__WHAT IS REQUIRED__. Pictures are to be left out, but please repeat each record exactly.

__DATASET CONTENT__.
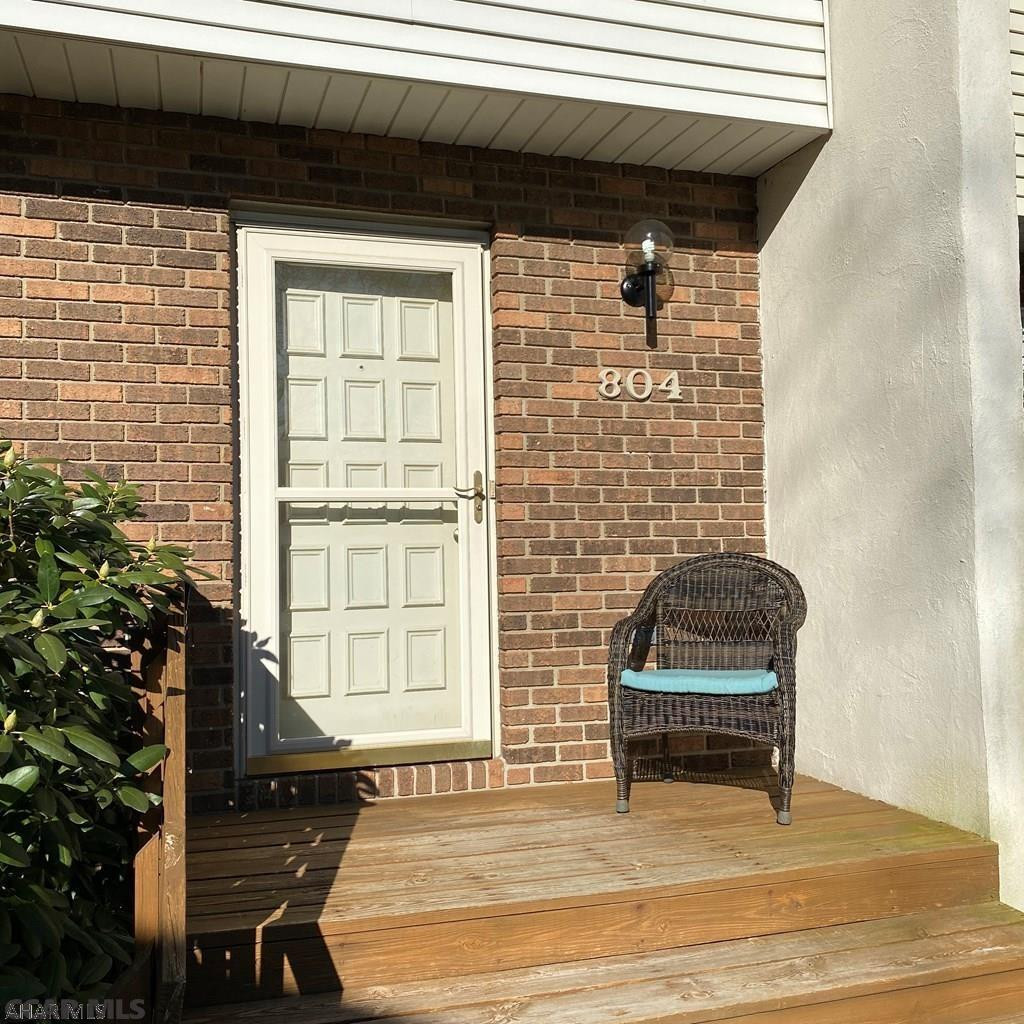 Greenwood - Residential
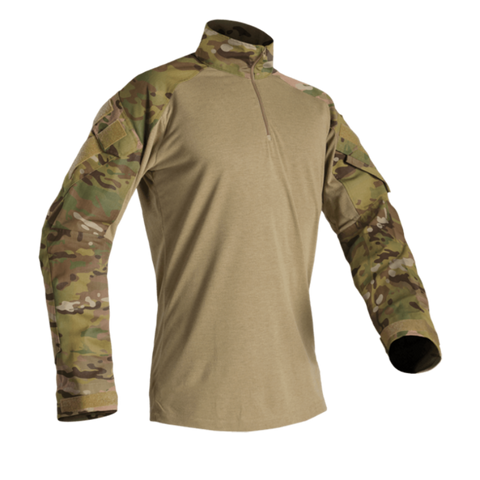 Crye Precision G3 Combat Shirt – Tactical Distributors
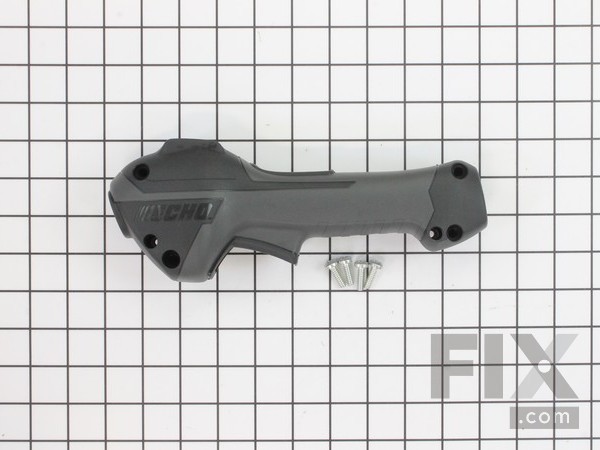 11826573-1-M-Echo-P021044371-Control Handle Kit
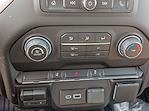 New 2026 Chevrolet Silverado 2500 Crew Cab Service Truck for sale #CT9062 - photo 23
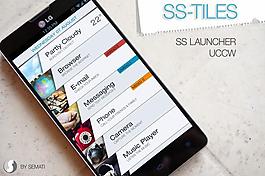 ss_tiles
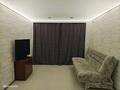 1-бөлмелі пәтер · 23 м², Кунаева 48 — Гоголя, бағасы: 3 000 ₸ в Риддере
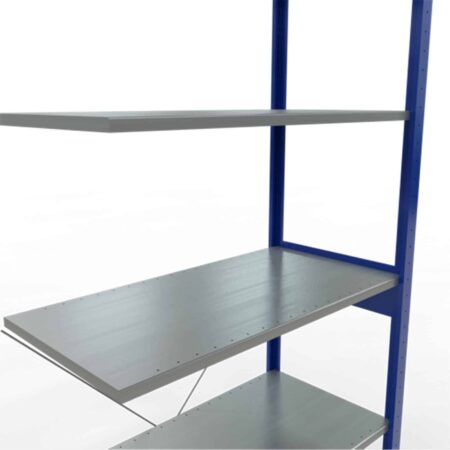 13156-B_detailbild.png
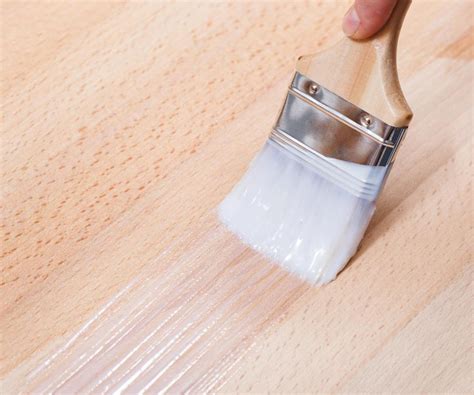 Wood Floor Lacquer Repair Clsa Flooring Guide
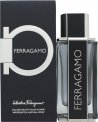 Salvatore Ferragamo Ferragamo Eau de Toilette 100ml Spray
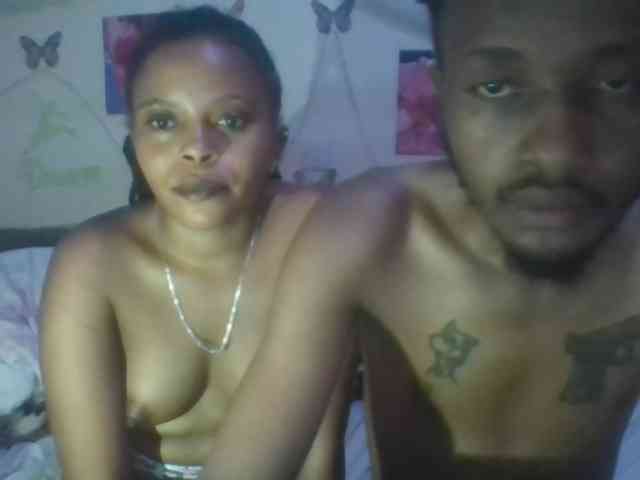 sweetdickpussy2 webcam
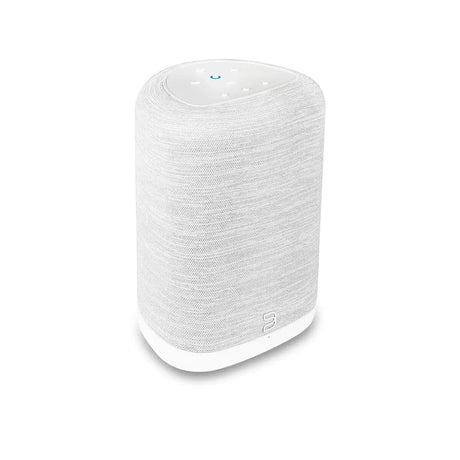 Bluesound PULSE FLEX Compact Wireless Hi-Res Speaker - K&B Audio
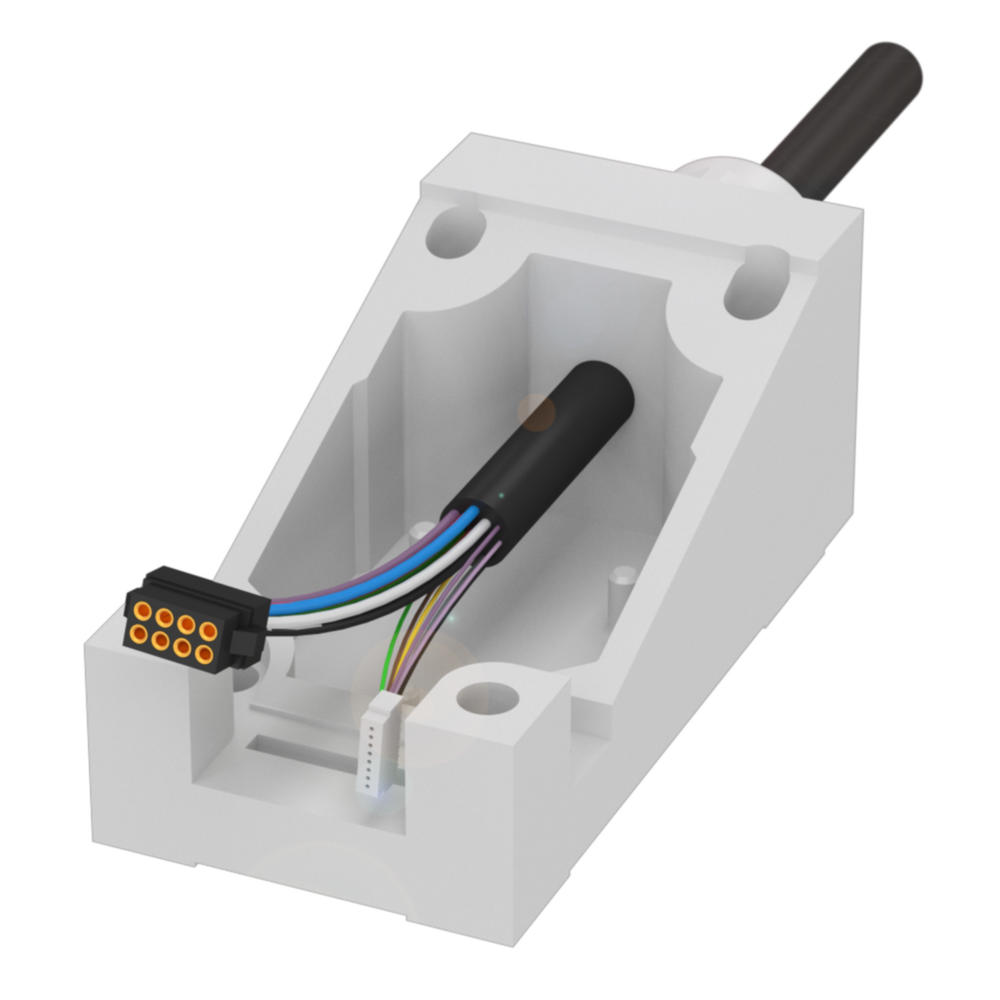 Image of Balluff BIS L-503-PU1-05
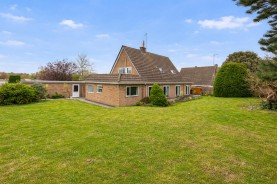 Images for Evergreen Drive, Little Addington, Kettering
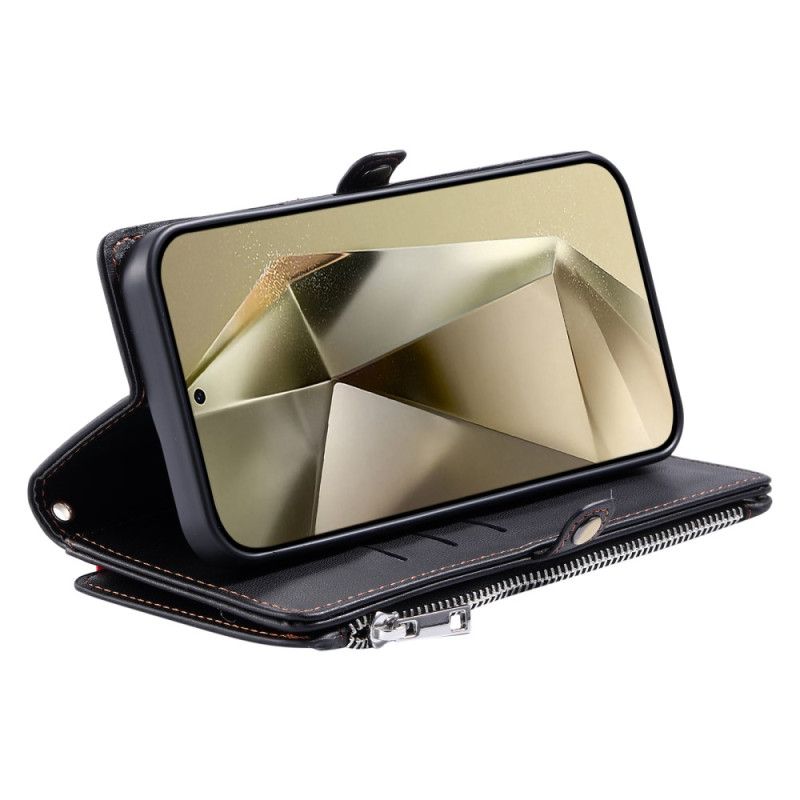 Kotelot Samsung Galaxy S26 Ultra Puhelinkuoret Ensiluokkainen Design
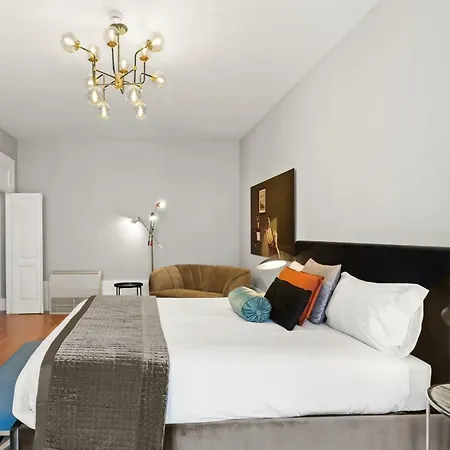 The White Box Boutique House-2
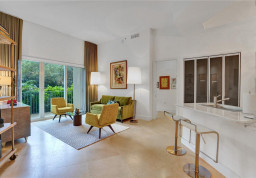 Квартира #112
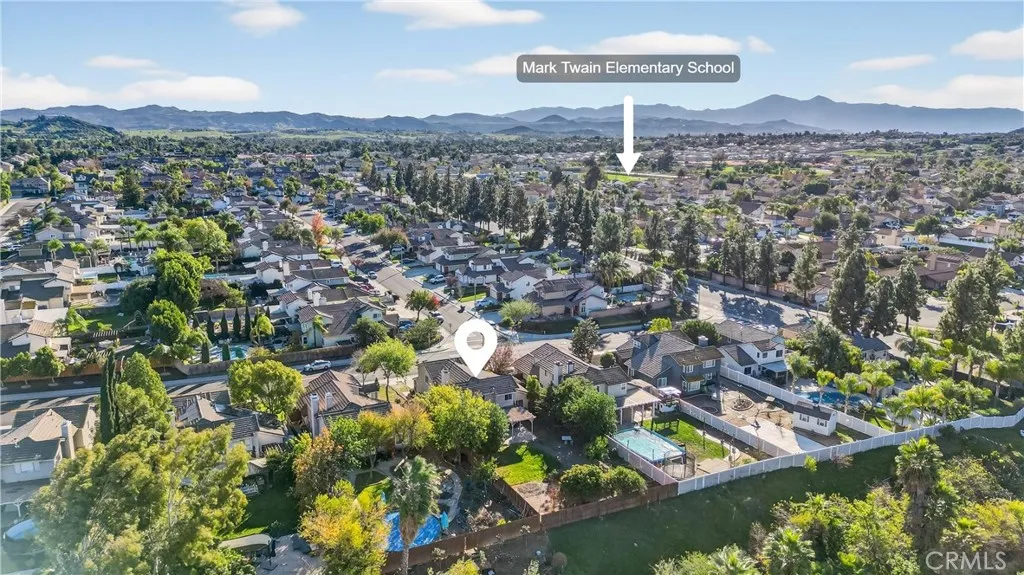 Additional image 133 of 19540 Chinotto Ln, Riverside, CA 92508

__ANSWER TO THIS PROBLEM__.
 Greenwood - Residential
 Crye Precision G3 Combat Shirt – Tactical Distributors
 11826573-1-M-Echo-P021044371-Control Handle Kit
 New 2026 Chevrolet Silverado 2500 Crew Cab Service Truck for sale #CT9062 - photo 23
 ss_tiles
 1-бөлмелі пәтер · 23 м², Кунаева 48 — Гоголя, бағасы: 3 000 ₸ в Риддере
 13156-B_detailbild.png
 Wood Floor Lacquer Repair Clsa Flooring Guide
 Salvatore Ferragamo Ferragamo Eau de Toilette 100ml Spray
 sweetdickpussy2 webcam
 Bluesound PULSE FLEX Compact Wireless Hi-Res Speaker - K&B Audio
 Image of Balluff BIS L-503-PU1-05
 Images for Evergreen Drive, Little Addington, Kettering
 Kotelot Samsung Galaxy S26 Ultra Puhelinkuoret Ensiluokkainen Design
 The White Box Boutique House-2
 Квартира #112
 Additional image 133 of 19540 Chinotto Ln, Riverside, CA 92508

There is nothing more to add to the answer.